What this task involves: Give every line of the records exactly, please, from the first up to and including the one containing "3 bedroom terraced".

Short descriptive text snippets:
--- START ---
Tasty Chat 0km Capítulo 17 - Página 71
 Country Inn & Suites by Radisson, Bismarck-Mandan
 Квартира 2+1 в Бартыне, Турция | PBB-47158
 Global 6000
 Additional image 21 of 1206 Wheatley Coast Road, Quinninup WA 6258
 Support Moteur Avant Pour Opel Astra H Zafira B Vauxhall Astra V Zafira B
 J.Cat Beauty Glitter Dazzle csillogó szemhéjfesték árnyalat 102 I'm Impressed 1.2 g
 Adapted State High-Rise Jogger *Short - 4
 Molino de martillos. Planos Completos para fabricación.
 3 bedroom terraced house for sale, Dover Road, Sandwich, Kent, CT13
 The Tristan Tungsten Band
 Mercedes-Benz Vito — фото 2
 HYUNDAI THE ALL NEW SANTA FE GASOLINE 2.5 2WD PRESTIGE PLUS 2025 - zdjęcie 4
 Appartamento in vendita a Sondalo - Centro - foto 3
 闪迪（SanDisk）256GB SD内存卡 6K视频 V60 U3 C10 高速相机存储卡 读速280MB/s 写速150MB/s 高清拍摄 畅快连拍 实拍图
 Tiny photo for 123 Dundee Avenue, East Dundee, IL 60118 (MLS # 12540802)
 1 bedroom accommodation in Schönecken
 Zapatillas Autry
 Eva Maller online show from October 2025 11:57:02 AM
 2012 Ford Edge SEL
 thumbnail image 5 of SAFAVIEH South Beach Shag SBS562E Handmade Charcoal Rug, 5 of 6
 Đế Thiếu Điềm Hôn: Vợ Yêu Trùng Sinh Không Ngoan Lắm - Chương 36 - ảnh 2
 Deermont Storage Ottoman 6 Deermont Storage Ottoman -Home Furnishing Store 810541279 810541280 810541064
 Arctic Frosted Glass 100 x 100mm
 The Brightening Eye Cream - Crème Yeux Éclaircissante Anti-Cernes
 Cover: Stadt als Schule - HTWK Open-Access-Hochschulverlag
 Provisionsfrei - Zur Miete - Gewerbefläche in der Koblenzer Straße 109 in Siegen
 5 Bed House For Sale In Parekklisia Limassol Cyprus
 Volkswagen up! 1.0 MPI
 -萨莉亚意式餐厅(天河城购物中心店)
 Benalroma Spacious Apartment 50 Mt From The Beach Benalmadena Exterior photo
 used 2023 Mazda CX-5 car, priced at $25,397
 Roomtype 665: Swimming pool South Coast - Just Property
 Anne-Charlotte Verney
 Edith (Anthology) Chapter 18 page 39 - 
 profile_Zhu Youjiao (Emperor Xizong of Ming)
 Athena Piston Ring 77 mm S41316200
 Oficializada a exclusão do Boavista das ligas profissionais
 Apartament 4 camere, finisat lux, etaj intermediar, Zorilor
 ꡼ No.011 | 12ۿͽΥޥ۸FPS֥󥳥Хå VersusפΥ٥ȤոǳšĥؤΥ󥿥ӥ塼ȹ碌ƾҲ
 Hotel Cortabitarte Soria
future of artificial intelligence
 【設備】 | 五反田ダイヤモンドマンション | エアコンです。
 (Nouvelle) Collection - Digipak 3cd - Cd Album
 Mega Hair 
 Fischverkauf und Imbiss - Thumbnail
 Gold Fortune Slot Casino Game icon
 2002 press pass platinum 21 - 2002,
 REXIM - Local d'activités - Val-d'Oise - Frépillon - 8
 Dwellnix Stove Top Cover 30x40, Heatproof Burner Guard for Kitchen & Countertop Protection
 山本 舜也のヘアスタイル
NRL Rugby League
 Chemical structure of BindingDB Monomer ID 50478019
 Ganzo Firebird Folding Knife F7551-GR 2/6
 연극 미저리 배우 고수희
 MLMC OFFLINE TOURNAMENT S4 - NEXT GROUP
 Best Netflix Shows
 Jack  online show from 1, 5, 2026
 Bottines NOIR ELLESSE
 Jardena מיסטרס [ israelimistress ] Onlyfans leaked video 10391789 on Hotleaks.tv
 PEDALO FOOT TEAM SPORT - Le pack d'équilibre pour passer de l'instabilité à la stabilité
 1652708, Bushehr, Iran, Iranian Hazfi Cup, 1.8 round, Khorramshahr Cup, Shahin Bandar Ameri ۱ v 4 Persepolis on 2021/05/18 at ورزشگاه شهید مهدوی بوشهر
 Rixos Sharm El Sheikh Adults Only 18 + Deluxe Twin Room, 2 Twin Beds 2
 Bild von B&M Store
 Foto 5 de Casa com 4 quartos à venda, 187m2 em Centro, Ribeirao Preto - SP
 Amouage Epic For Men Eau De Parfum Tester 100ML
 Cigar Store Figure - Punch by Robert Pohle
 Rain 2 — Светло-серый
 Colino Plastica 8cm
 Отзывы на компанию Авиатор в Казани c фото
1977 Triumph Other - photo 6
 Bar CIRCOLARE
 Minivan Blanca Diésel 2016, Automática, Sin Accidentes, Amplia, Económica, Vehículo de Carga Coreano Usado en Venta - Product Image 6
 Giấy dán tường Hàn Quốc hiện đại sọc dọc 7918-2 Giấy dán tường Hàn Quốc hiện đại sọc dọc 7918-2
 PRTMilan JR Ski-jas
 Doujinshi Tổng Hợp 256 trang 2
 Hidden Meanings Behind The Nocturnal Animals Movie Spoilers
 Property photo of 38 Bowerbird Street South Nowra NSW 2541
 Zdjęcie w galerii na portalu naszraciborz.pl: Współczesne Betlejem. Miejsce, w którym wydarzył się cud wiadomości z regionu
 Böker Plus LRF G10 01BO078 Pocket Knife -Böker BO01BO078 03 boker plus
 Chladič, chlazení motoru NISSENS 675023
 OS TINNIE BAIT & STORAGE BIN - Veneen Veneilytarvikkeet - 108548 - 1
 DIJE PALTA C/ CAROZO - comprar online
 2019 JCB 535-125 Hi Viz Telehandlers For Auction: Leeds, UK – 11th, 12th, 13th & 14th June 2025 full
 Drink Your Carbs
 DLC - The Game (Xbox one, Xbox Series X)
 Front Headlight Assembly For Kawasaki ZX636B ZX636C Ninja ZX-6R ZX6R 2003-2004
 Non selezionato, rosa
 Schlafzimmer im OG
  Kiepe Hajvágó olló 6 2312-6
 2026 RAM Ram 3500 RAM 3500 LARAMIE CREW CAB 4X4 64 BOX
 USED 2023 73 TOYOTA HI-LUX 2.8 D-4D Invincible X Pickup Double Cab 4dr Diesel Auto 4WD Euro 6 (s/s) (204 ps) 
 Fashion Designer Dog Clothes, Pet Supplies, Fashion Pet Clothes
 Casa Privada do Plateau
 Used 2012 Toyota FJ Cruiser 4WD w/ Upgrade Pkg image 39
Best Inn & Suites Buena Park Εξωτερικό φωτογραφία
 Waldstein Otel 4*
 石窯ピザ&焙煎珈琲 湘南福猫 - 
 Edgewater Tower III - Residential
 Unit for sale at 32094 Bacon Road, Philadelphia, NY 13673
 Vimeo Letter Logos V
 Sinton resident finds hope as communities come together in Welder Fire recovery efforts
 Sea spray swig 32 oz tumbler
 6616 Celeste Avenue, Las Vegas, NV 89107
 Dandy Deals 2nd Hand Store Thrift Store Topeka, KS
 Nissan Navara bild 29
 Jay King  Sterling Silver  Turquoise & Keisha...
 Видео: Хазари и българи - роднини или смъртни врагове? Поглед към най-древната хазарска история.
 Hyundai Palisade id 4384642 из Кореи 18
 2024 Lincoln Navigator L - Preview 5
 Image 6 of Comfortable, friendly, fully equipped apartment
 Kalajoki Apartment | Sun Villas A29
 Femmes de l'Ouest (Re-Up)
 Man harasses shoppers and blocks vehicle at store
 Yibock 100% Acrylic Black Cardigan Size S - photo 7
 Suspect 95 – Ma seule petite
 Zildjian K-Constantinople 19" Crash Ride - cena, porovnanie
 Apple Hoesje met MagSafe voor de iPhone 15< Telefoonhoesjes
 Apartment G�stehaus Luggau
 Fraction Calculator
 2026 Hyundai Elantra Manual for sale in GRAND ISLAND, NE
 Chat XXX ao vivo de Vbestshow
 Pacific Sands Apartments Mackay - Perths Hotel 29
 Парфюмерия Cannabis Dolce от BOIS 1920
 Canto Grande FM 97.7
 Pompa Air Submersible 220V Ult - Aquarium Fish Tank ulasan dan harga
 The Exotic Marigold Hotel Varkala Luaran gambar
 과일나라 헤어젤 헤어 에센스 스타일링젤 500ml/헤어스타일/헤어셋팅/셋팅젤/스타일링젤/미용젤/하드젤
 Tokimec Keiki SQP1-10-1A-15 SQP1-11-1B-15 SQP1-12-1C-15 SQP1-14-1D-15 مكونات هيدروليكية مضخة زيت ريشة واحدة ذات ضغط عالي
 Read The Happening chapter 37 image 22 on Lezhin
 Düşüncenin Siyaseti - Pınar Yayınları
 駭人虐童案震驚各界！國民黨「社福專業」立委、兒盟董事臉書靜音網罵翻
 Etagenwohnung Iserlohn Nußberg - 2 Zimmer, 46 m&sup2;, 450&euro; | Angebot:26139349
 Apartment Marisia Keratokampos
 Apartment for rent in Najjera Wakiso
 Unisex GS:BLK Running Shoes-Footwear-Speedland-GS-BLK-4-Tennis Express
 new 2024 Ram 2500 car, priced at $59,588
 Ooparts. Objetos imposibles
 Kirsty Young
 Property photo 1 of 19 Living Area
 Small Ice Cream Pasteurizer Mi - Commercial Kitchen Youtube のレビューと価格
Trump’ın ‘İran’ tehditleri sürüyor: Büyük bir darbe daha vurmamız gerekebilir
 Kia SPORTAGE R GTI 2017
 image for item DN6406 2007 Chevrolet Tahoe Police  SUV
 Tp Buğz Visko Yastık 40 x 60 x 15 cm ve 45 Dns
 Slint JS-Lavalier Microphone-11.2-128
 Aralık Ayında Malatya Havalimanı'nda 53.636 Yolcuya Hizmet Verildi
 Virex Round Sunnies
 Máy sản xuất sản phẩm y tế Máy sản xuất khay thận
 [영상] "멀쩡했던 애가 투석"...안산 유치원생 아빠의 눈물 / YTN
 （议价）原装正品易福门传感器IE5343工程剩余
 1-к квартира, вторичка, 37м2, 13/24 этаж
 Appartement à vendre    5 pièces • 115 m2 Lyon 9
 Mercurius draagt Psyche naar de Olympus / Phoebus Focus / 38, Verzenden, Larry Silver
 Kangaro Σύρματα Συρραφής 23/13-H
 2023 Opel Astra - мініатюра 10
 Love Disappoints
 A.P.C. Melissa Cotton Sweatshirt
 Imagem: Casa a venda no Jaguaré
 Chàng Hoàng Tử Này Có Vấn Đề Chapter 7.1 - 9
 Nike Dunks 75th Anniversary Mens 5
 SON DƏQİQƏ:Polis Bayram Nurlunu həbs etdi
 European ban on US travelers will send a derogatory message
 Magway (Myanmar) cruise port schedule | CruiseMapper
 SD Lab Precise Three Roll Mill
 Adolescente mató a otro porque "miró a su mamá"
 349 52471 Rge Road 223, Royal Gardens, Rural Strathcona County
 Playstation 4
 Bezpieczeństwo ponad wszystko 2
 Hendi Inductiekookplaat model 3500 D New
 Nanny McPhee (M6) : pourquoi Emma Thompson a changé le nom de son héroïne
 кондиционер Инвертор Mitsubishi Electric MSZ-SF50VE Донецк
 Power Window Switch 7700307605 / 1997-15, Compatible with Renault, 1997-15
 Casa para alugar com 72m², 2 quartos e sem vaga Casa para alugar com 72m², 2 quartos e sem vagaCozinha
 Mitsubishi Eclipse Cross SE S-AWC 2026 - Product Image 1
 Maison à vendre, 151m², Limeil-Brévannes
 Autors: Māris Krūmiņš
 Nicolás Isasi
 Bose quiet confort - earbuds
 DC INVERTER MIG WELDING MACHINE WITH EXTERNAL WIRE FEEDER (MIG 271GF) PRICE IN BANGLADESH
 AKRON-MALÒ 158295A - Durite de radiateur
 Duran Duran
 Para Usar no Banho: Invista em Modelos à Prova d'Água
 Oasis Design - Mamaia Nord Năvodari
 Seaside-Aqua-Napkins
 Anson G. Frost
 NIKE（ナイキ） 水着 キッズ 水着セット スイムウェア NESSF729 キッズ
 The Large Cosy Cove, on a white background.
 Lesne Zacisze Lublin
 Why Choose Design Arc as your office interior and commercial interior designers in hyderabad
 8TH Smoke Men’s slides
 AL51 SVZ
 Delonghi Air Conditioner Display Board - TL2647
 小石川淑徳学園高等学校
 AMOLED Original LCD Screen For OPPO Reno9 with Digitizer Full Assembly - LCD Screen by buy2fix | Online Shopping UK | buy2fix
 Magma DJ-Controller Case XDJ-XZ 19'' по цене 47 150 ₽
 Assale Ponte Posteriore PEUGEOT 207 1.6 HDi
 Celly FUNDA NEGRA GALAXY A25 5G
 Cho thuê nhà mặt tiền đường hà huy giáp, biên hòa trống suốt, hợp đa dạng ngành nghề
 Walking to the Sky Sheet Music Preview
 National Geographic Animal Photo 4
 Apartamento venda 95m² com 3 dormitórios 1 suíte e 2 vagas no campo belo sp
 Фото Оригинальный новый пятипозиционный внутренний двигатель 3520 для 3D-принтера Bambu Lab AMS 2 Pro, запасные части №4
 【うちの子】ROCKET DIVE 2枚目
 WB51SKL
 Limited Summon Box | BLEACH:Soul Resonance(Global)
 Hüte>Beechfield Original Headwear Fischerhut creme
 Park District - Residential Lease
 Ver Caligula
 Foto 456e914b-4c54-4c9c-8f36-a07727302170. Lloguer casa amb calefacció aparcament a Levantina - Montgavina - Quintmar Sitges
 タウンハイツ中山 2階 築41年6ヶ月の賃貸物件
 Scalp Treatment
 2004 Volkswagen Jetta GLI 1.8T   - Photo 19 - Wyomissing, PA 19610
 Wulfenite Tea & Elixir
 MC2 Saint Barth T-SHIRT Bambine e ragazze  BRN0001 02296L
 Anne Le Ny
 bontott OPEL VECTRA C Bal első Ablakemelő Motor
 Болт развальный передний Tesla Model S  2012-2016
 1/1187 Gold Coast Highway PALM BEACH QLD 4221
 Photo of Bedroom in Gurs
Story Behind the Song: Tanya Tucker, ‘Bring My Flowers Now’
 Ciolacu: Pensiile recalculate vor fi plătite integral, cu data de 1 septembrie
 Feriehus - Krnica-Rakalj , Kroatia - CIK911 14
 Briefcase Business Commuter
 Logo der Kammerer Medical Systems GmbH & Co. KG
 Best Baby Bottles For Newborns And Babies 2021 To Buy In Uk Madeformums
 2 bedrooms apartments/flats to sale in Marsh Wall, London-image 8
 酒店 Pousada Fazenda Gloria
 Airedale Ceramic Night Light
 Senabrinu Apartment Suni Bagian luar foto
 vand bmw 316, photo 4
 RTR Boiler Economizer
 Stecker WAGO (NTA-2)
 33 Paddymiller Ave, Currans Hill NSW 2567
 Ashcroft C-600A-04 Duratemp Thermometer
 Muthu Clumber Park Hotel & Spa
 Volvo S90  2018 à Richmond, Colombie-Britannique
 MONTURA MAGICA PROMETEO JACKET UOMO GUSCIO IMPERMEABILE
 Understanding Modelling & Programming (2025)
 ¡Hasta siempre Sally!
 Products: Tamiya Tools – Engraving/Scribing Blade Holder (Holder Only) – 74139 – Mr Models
--- END ---
Worked solution:
Tasty Chat 0km Capítulo 17 - Página 71
 Country Inn & Suites by Radisson, Bismarck-Mandan
 Квартира 2+1 в Бартыне, Турция | PBB-47158
 Global 6000
 Additional image 21 of 1206 Wheatley Coast Road, Quinninup WA 6258
 Support Moteur Avant Pour Opel Astra H Zafira B Vauxhall Astra V Zafira B
 J.Cat Beauty Glitter Dazzle csillogó szemhéjfesték árnyalat 102 I'm Impressed 1.2 g
 Adapted State High-Rise Jogger *Short - 4
 Molino de martillos. Planos Completos para fabricación.
 3 bedroom terraced house for sale, Dover Road, Sandwich, Kent, CT13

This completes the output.